If you are buying health coverage in the Colorado ski resort towns, the Connecticut suburbs of New York City or a bunch of otherwise low-cost rural regions of Georgia, Mississippi and Nevada, you have the misfortune of living in the most expensive insurance marketplaces under the new health law.

The 10 most expensive regions also include Alaska and Vermont and large parts of Wisconsin and Wyoming. The ranking is based on the lowest price “silver” plan, which is the mid-level plan that the majority of consumers are selecting.

Costly Insurance Markets

These regions, created as part of the health law, range in size from a state to a single county. While many people in these regions will receive government subsidies to help pay for the premiums, the portion that they will pay will still be higher than they would have to foot in many other places.

The causes of the stratospheric premiums vary from region to region, although a recurring theme is that in some areas the limited number of hospitals and specialists allows them to demand high prices from insurers.

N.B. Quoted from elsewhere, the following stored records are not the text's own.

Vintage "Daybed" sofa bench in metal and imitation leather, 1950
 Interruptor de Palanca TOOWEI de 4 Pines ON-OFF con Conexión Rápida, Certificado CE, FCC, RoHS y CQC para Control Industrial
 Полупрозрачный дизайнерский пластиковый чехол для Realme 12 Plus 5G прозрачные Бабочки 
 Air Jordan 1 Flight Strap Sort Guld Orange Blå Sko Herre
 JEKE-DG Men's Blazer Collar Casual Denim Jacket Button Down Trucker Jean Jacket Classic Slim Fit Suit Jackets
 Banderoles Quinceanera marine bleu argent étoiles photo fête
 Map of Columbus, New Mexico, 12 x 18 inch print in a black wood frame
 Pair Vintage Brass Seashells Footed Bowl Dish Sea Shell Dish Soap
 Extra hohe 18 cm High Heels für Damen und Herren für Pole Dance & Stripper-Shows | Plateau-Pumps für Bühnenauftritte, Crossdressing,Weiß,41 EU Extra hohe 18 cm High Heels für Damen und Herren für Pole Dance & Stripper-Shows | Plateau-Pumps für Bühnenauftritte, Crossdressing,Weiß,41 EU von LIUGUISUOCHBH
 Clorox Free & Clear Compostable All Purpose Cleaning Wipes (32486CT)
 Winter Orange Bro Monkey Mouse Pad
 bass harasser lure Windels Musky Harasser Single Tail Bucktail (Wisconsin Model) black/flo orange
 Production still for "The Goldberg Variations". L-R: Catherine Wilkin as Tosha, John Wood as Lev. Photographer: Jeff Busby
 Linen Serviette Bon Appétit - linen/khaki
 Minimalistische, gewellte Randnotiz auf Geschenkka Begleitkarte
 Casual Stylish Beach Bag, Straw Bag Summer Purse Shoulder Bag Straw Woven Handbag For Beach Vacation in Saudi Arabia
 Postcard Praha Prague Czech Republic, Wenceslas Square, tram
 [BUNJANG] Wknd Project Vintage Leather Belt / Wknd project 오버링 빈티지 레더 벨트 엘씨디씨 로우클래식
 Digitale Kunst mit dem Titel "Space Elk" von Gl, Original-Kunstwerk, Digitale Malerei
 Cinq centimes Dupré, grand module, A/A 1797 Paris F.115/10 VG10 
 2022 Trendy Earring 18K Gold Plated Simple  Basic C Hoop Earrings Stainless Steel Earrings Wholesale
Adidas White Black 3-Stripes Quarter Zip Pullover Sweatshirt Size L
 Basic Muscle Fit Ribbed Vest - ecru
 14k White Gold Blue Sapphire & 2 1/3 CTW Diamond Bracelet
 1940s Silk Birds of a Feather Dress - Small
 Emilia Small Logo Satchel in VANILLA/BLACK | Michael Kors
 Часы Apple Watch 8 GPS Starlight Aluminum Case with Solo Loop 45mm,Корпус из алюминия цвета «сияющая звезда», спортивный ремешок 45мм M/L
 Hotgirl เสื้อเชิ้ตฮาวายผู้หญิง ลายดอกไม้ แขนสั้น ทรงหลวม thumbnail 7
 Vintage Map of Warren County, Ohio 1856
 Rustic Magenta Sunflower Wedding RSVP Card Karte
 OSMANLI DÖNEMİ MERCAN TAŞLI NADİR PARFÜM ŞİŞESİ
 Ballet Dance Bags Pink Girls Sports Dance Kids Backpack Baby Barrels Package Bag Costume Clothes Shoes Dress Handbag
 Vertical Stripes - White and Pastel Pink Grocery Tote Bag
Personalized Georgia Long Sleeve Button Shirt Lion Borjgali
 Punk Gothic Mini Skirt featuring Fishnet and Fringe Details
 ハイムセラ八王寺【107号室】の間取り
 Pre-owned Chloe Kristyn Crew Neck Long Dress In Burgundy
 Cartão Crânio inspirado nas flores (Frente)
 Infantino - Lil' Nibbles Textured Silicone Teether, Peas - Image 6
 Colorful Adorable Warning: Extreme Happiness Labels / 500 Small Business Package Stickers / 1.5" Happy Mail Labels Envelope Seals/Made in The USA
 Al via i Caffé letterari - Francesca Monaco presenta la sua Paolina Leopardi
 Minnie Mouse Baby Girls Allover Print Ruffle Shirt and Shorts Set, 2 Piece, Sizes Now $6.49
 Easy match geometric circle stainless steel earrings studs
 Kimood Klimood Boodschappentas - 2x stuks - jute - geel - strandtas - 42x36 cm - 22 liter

In Southwestern Georgia, one hospital system dominates the area and beat back an effort by federal anti-trust regulators to loosen its grip on the market. High individual insurance rates also reflect the extra costs that come when locals tend to be in poor health and where large numbers of people lack employer-sponsored insurance, leaving providers with more charity cases and lower-reimbursed Medicare patients.

A sicker population does not explain the most expensive region in the country: four mountain counties around Aspen and Vail. People here are generally healthy, but medical prices and the use of medical services are both high.

In Summit County, the average hospital inpatient cost was $786 per insured person, 61 percent above the state average, even though admissions were 10 percent below the state average, according to data from the Colorado All-Payer Claims Database. In Pitkin County, where Aspen is, costs from doctors and other medical professionals were $1,932 per insured person. That was 2.2 times higher than the state average even though the number of claims filed was 17 percent fewer.

The highest cost regions were determined by the monthly premiums for a 40-year-old person. The list is based on rates listed on the federal and state insurance marketplaces and data compiled by Kaiser Family Foundation researchers. (KHN is an editorially independent program of the foundation.) In each region, the price of every policy has to be consistent across all counties, although the insurer does not have to offer each policy in every county. When the least expensive silver plan is not offered in a county, Kaiser Health News notes the cheapest available silver plan there.

Here are the 10 most expensive regions:

$483: Colorado Mountain Resort Region. Eagle, Garfield and Pitkin counties, home of Aspen and Vail ski resorts. Summit County premiums are $462.

$461: Southwest Georgia. Baker, Calhoun, Clay, Crisp, Dougherty, Lee, Mitchell, Randolph, Schley, Sumter, Terrell and Worth counties.

$456: Rural Nevada Esmeralda, Eureka, Humboldt, Lander, Lincoln, Elko, Mineral, Pershing, White Pine and Churchill counties.

$445: Far western Wisconsin. Pierce, Polk and St. Croix counties, across the border from St. Paul, Minn.

$423: Southern Georgia. A swath of counties adjacent to the even more expensive region. Ben Hill, Berrien, Brooks, Clinch, Colquitt, Cook, Decatur, Early, Echols, Grady, Irwin, Lanier, Lowndes, Miller, Seminole, Thomas, Tift and Turner counties.

$405: Most of Wyoming. All counties except Natrona and Laramie.

$399: Southeast Mississippi. George, Harrison, Jackson & Stone counties. In Hancock County, the lowest price plan is $447.

$395: Vermont.*

$383: Fairfield, Conn. The southwestern-most county, which includes many affluent commuter towns for New York City.

$381: Alaska.

*Unlike other states, Vermont does not let insurers charge more to older people and less to younger ones. Its ranking therefore will differ depending on the ages of the consumers.